Śruciny są lżejsze (8,18 gr) od Exacta i dłuższe. Oczywista oczywistość - to jest produkt do matchu 10 metrowego, czyli płaska główka vs. okrągła główka np. Exacta.
Coś za coś. Strzelanie z 7,5 J na hali różni się znacznie od strzelania na tzw. wolnym powietrzu, czy jak kto woli w polu.
Wczoraj byłem na wiatrowyjach (Siekierki warszawskie) już przed 6:00 rano, aby jak najdłużej zapewnić sobie warunki prawie "halowe". Niestety idealnej hali nie było, bo nawet tak rano zawiewało. Niemniej od 8-go do 17-go metra jest to idealny śut. Dalej do 25-go z każdym metrem jest gorzej, ale ciut lepiej od exatopodobnych wynalazków. Niestety przez swoją wagę i długość, oraz prędkość dolotu HN Finale Match Rifle 4,48 jest o wiele bardziej podatny na boczne oddziaływanie powietrza/wiatru. Jest coś jeszcze. Strzelam FT 5 w Niemczech. Bo tylko tam ta klasa występuje. Dyscyplina całkowity endemit. Mam 8 współzawodników w tej klasie. Strzela się od 7,5 metra do 25 metra do zwierzaków o KZ-krach najczęściej 15 - 20 mm (około 80% toru 50-cio figurowego przez 2 dni). Bywają pojedyncze 12 i 10 mm wynalazki, oraz kilka 30-40 mm, ale raczej w pozycjach wymuszonych. Wszystko działa zupełnie jak w naszym 16,3 J FT. Opisuje się boczne koło do 25 metra i górną wieżę. To "coś jeszcze", to fakt że wieża, aby obsłużyć cały dystans FT5 na Exact'cie pokonuje 3/4 obrotu (bardzo zbliżone do 16,3 J do 50 metra). W przypadku użycia HN Finale Matcha pomimo, że na wylocie musi być szybszy, bo od Exacta jest lżejszy, to aby obsłużyć cały dystans do 25 metra wieża musi pokonać już cały obrót 360 stopni !

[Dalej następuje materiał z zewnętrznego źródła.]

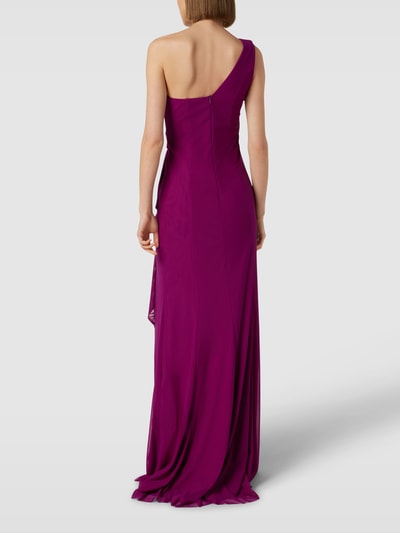 TROYDEN COLLECTION Avondjurk met one shoulder-band Fuchsia - 5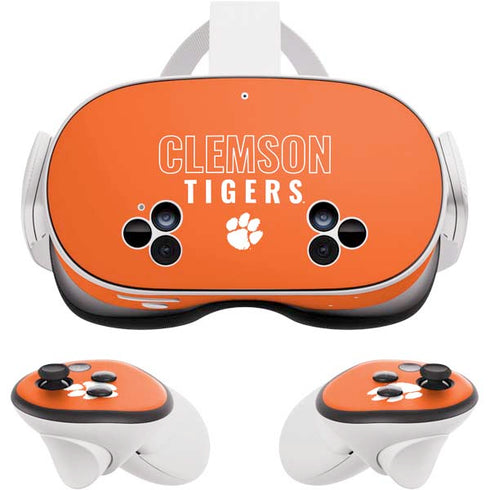 Clemson University Tigers Logo Meta Quest 3S Skin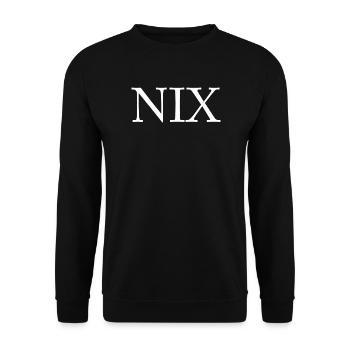 NOTHING - Unisex Sweatshirt - black - Front - Alina (178cm) & Michal (187cm)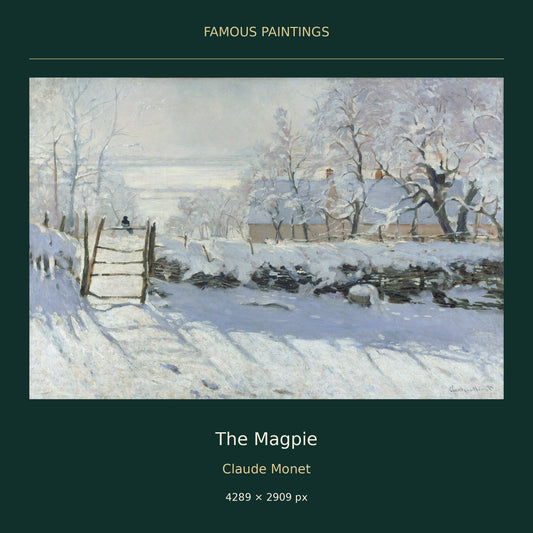 The Magpie by Claude Monet — painting cover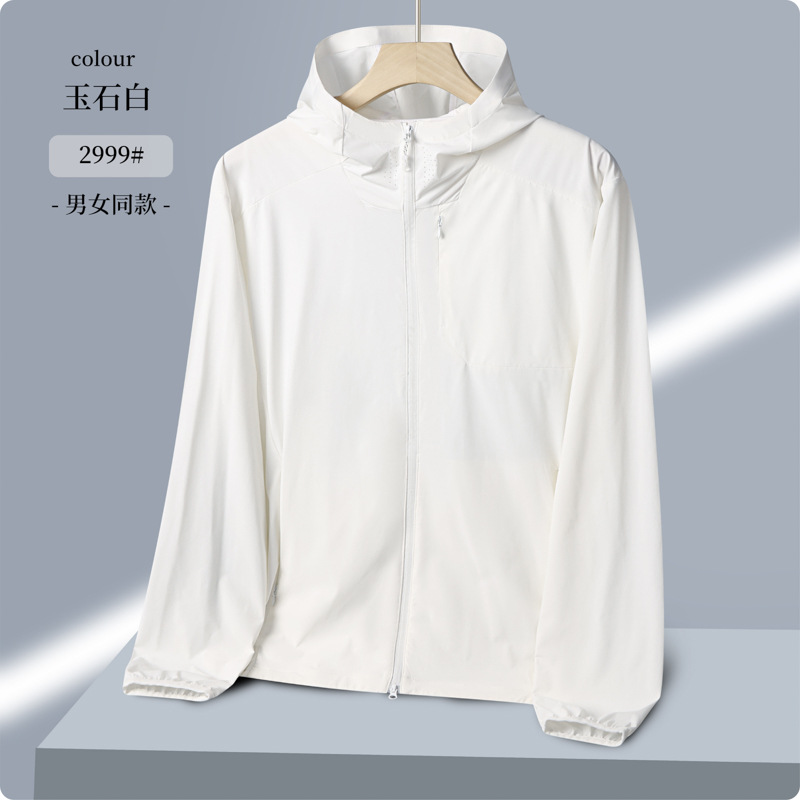 Luz y delgada sensación fría anti-UV 50 + verano al aire libre ropa de pesca protector solar chaqueta de hombre personalizada de alta gama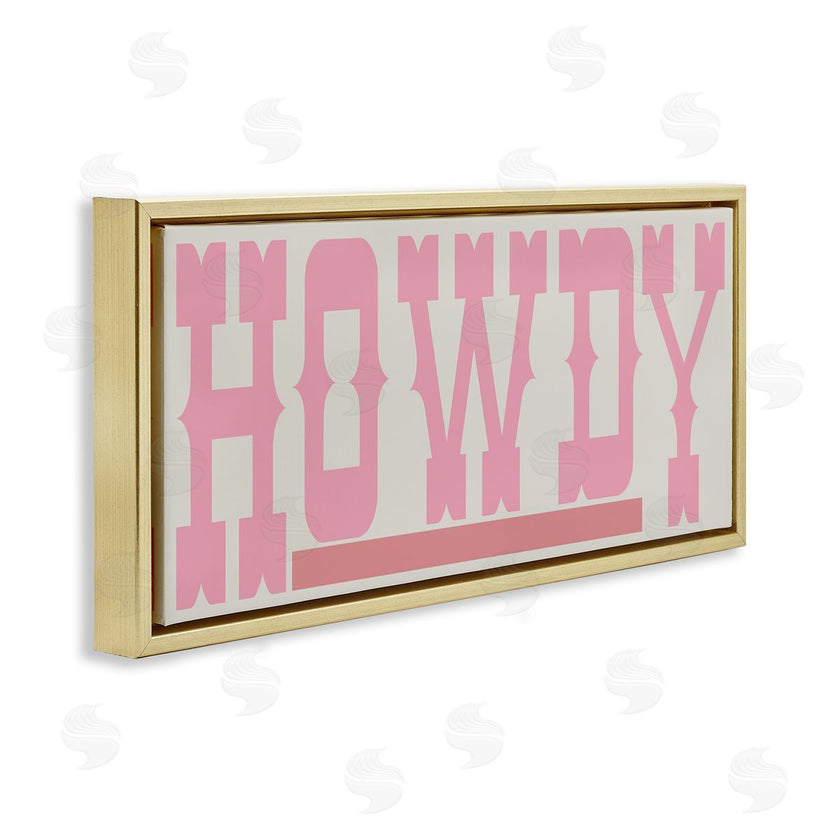 Sd Graphics Studio | Howdy Pink Text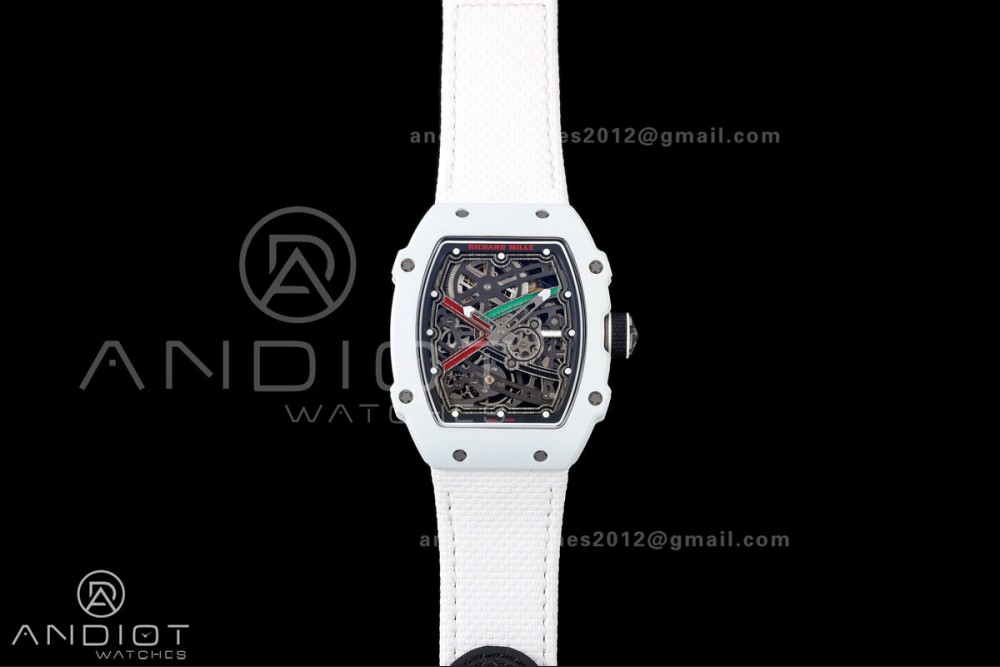 RICH Maker's 1:1 RM67-02 White NTPT UAE Skeleton Dial CRMA7 Super Clone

Innymi słowy balistyka na dolocie jest już bardzo "haubiczna". Coś za coś. Jak nie będzie wiaterku, lub będzie malutki - będzie dobrze w Ebern. Jak choć trochę zawieje .... to ten śrut się nie nadaje.
Wróciłem po sobocie z Siekierek z wybranym już po raz pierwszy na zawody w polu śrutem matchowym. Aby podnieś choć trochę swoje szanse na dalszych dystansach po raz pierwszy od prawie 20 lat strzelania z wielkim wstrętem, ale postanowiłem chociaż poważyć ten śrut i odrzucić bardzo lekkie i najcięższe śruciny. Zawęziliłem przedział do 6 tysięcznych, zbierałem przedział od 0,525 do 0,531 grama. Reszta won. Były przypadki nawet 0,536, były też 0,518 .... Suma sumarrum w przedziale jaki wybrałem 60% puszki zostało, 40% poszło w odstawkę.
Tak przesiany wagowo HN Finale Match zabrałem dzisiaj na Siekierki. O 6:00 co się na siekierkach rzadko zdarza panowały warunki prawie halowe. Szybciutkie rozłożenie, 3 strzały na wiwat w celu rozgrzania systemu, potem jedynie po liściach krzewów rosnących po wałach. Pierwszy cel 11,5 m. Dziura po śrucinę pojawia się idealnie tam gdzie celowałem. Drugi cel 24,5 metra. I kolejny bulls eye. Trzeci cel idealnie 20 metr celuję w malutką dziurkę, jaką odnajduję na liściu a śrucina przelatując przez nią czyni ją jedynie idealnie okrągłą. Po tych 3 strzałach spakowałem się aby nie zapeszać i do domu przeważyć drugą puszkę.
Reasumując. Kiedyś znowu wrócę do Exacta i w końcu trafię serię, która dobrze poleci. Tym niemniej z moich doświadczeń wynika, że przy bezwietrznej pogodzie trudno nie rozważyć śrutów matchowych. Dianka 75 jest wręcz do nich stworzona.